SAKARYA'DAKİ TANK-PALET FABRİKASI
Sakarya'daki tank palet fabrikasıyla ilgili her şeyi vesikalarıyla ortaya koydukları halde hala bunun konuşulduğunu hatırlatan Erdoğan, şunları kaydetti:
"Buradan sana ekmek çıkmaz boşuna konuşma. Zira burada tamamıyla zarar eden bir tank palet fabrikası varken, şimdi BMC ile ortak faaliyette olan Katar'ın yaptığı yatırımla buranın hem renöve edilmesi, hem restore edilmesi, makinelerin yenilenmesiyle bu süreçte bu fabrika kendimize ait tanklarımızın bakım onarımından tutun yeni atılacak adımlara kadar çok ciddi bir yatırım olarak ortaya çıkmıştır. Siz buna benzer işleri SEKA'da da yaptınız. Biz SEKA'da adımı attık, şu anda SEKA diye bir şey kalmadı. Biz SEKA'yı millet bahçesi haline getirdik. Bunlarda böyle bir zevk de yoktur. Biz bu akşam 20 yıl önce başlanmış olan bir opera binasının açılışını yapıyoruz. Bizim icraatımızın ulaştığı yere sizin hayalleriniz bile ulaşamaz."

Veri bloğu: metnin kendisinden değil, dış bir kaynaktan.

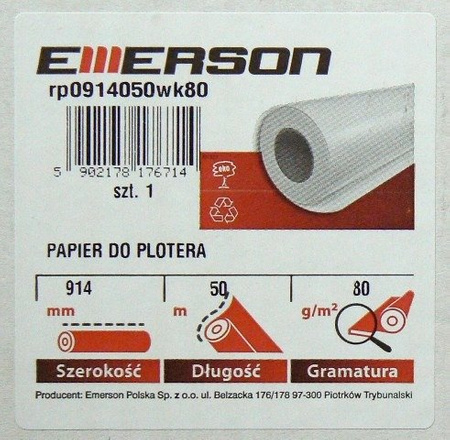Papier do plotera 914 mm x 50 m 80g EMERSON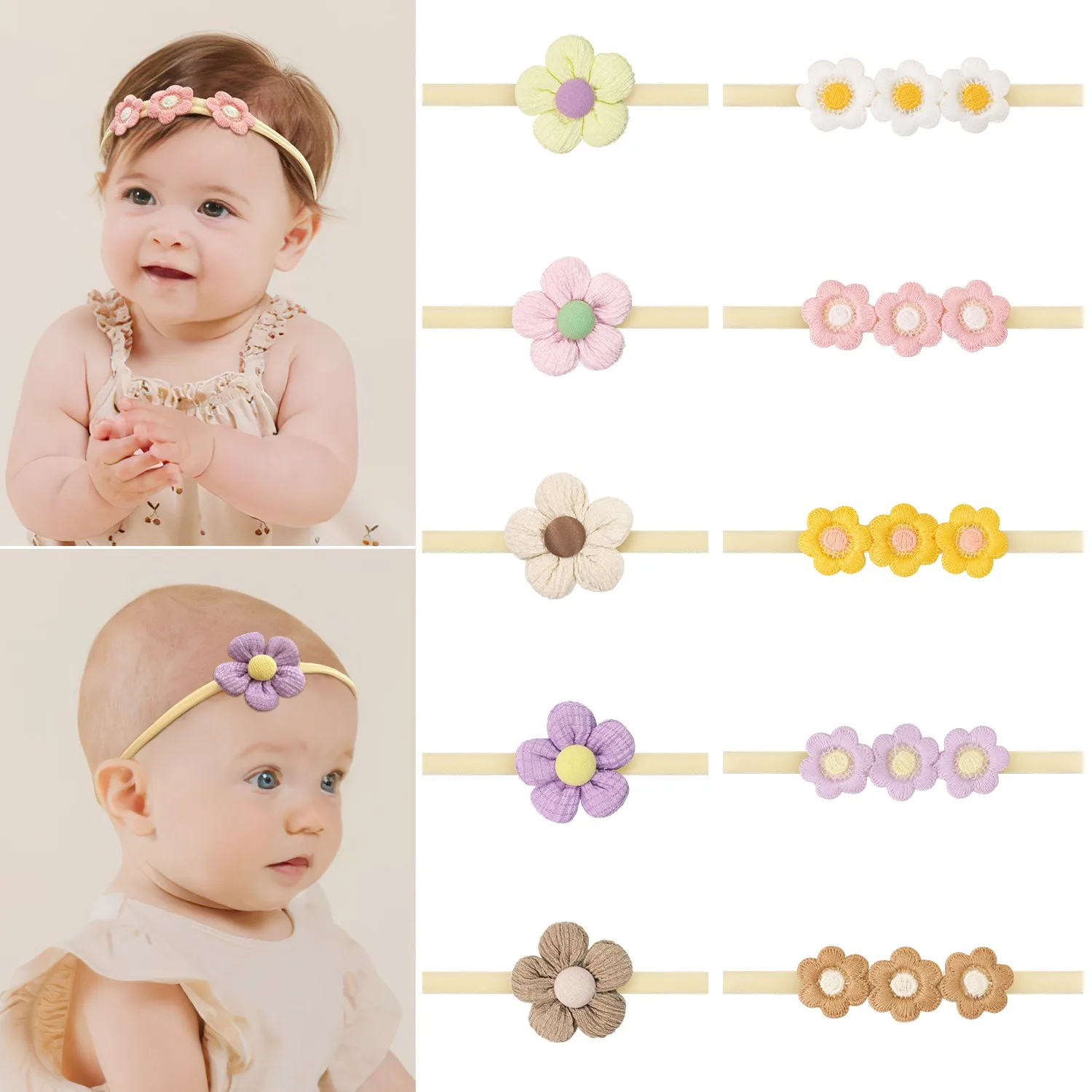 

10-Pack Kids Floral Hairbands - Soft Nylon Non-Pressure Daily Wear Headbands 10 Styles for Baby Girls Outfit Cute Styling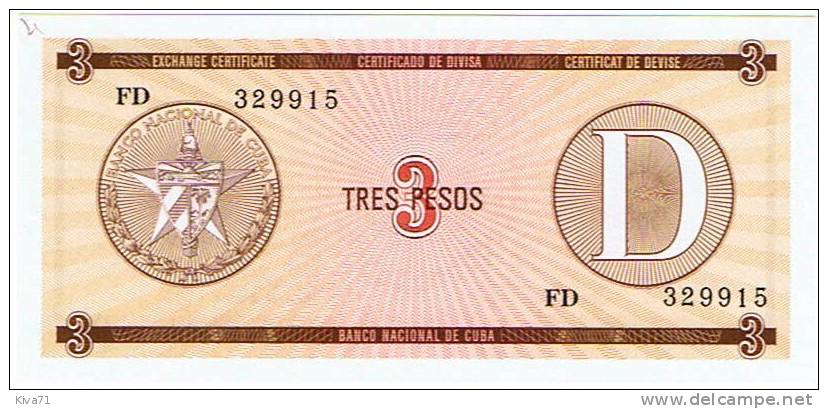 3  Pesos D  Touristes "CUBA"    UNC    Ble71 - Cuba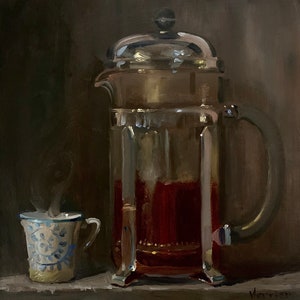 French Press Coffee - NOAH VERRIER Nature morte à l&#39;huile originale, Impression d&#39;art signée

'SAVRULMALARA MEYDAN VERMEYECEĞİZ'
Cumhurbaşkanı Erdoğan, İstanbul Sözleşmesi başta olmak üzere bu çerçevede zaman zaman yaşanan tartışmaların işin özünden ziyade hala süren yanlış uygulamalarla ilgili olduğunu düşündüğünü ifade ederek, kimi yanlışları düzeltirken kimi yanlışlara yol açacak savrulmalara meydan vermeyeceklerini vurguladı. Erdoğan, bugün Şanlıurfa'da bir seçim yapıldığına değinerek, Siverek Belediye Başkanının istifası üzerine boşalan belediye başkanlığı için yapılan oylamalar neticesinde Ayşe Çakmak'ın 3'üncü turda seçildiğini bildirdi. Şanlıurfa'da böyle bir adımın atılmasının çok önemli olduğunu söyleyen Erdoğan, belediye başkanları olarak bu sayının artmasının böyle bir dönemde isabetli bir adım olduğunu vurguladı.